6 Replies Latest reply on Jun 1, 2009 9:11 AM by sarnath

    How do I write a Kernel?

    sarnath
      Newbie question

      I am a newbie and would like to know how to write a kernel purely on top of CAL.

      I understand that Brook+ is the high level interface for writing kernels.

      I want to write directly on top of CAL. Is it done in assembly???

      I cant figure out much from the Streams user guide. I find it very difficult to decipher the contents.

        • How do I write a Kernel?
          ryta1203

          Use the CAL API with IL language. Look at the samples and the documentation, you're not going to get ANYTHING about IL from the Users Guide (sadly). AMD is not very good at documenting or supporting the things they do.

            • How do I write a Kernel?
              sarnath

              Ryta1203,

              Thanks for the quick answer.

              I am basically a CUDA guy and am tryin to understand AMD Streams.

              I understand that a kernel instance is basically for an index in the output stream. So, what if there are multiple Output streams?

              And, Is there a possibility that I can access neighbouring elements in a stream. Like gettng indexof(stream) and then doing a ++ to some component and accessing the stream?

              I am just finding it too limiting to concentrate only on one element in a kernel instance. ( I understand that that is why we have streamGroup and other primitives to group-ify elements of a stream)

              Appreciate your time!

              Thanks & Best Regards,

              Sarnath

                • How do I write a Kernel?
                  gaurav.garg

                  If you are using color buffers (regular streams in Brook+) as output, the position of output is always determined by kernel instance.

                  If you want to write to random places and index them yourself, you should use global buffers (scatter stream in Brook+)

                    • How do I write a Kernel?
                      sarnath

                      Thanks for this input. I have not read things fully (as u can c).

                      Few more questions please. Appreciate yur time,

                      1. So, when I use global buffers like b[][] , they need to be copied over to GPU memory using CAL APIs, is that right?

                      2. The guide always talks about PCI-e memory and local memory. What are the typical sizes of these? And, What exactly are they? In CUDA world, it is only global memory/shared memory. We know global is the big fat device RAM and the shared memory is like the L1 cache for the gpu. What are the equivalents in AMD? (Dont mistake my cuda thing... If I can map concepts, it would b easy to learn)

                      3. Is it possible to write a brooks kernel that does NOT take a single stream<> argument? Ideally, I would like to configure the offset,size using the domain control and use plain buffers. This way, I can access whatever I want.

                      4. Can a brooks kernel access pinned memory? i.e. I dont want to copy stuff onto GPU. But rather want GPU to directly access my buffers? If so, is this supported on all hardware?

                      5. Can I call a brooks kernel from a CPP file (using a kernel wrapper) ?

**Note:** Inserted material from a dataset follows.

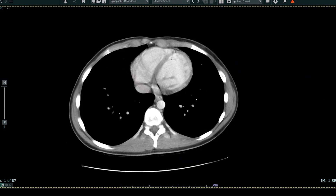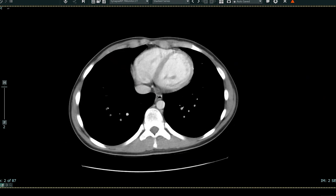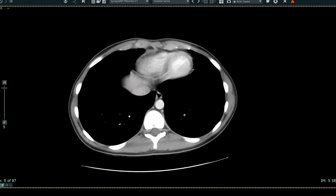To orient you, this is the front of the patient or anterior, and this is the back of the patient or posterior. This is the patient's left side, and this is the patient's right side. These are the lungs — these dark structures here. Here's the heart. Here's the spine. These are ribs out here, these white structures. Now I'm going to scan more inferiorly.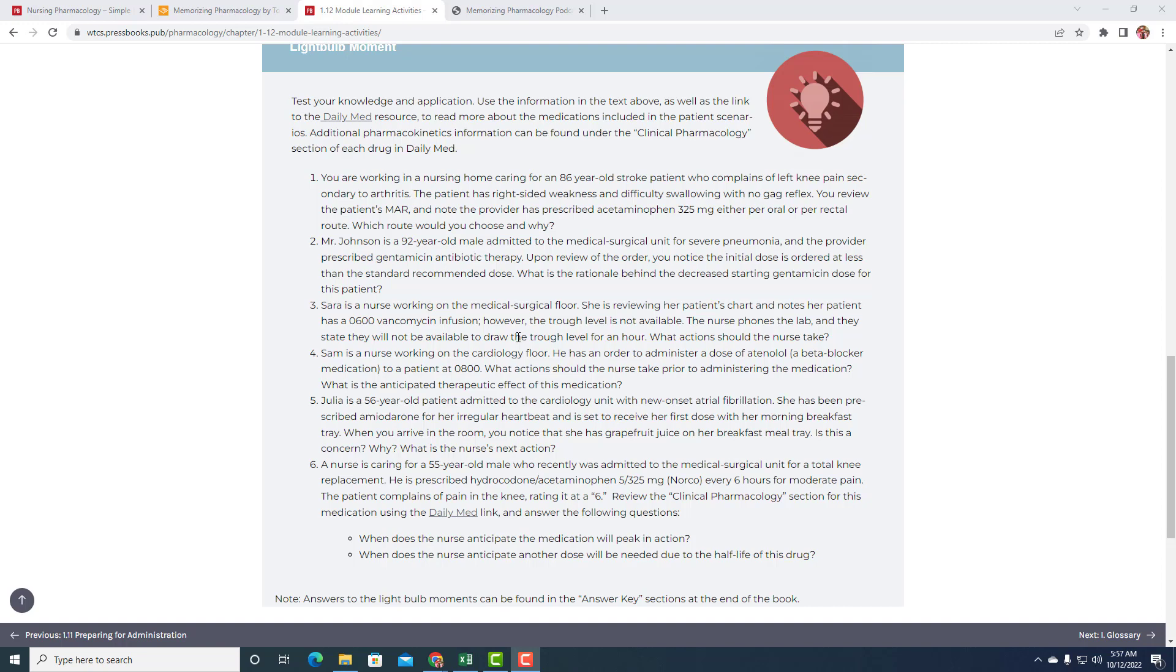Let's look at our sixth one here. A nurse is caring for a 55-year-old male who recently was admitted to the med-surg unit for total knee replacement. He's prescribed hydrocodone acetaminophen 5 per 325 milligrams, Norco every six hours for moderate pain. The patient complains of pain in the knee, rating it at a 6. Review the clinical pharmacology section for this medication using the daily med link and answer the following questions. When does the nurse anticipate the medication will peak in action? When does the nurse anticipate another dose would be needed due to the half-life of this drug?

                      Thanks for your time,

                      Best Regards,

                      Sarnath

                        • How do I write a Kernel?
                          gaurav.garg

                          1. Global memory resides in device RAM and if you want to read/write memory data, you need to use CAL APIs for data transfer.

                          2. PCI-e memory is similar to CUDA mapped memory(introduced in CUDA 2.2) and it resides on host. Local memory means  GPU local memory (similar to CUDA global memory). LDS (local data share) is equivalent to CUDA shared memory

                          3. You can write such brook kernels.

                          4. ATI stream computing user guide uses pinned for a different functionality. But, PCI-e memory that CAL mentions can be directly used in kernel.

                          5. Yes, you can do that. All the sampler under $(BROOKROOT)\samples\CPP do that.

                            • How do I write a Kernel?
                              sarnath

                              Dear Gaurav,

                              Thanks for your time! I get a clear picture now!

                              The PCI-E memory was too much confusing. Now, its all clear. You seem to know pretty much about CUDA. Thanks a lot!!!

                              I think Brooks can be executed with a CPU backend as well (just like device emulation in CUDA). I have just downloaded  a copy.

                              I think its gonna be fun!

                              Thanks,

                              Best Regards,

                              Sarnath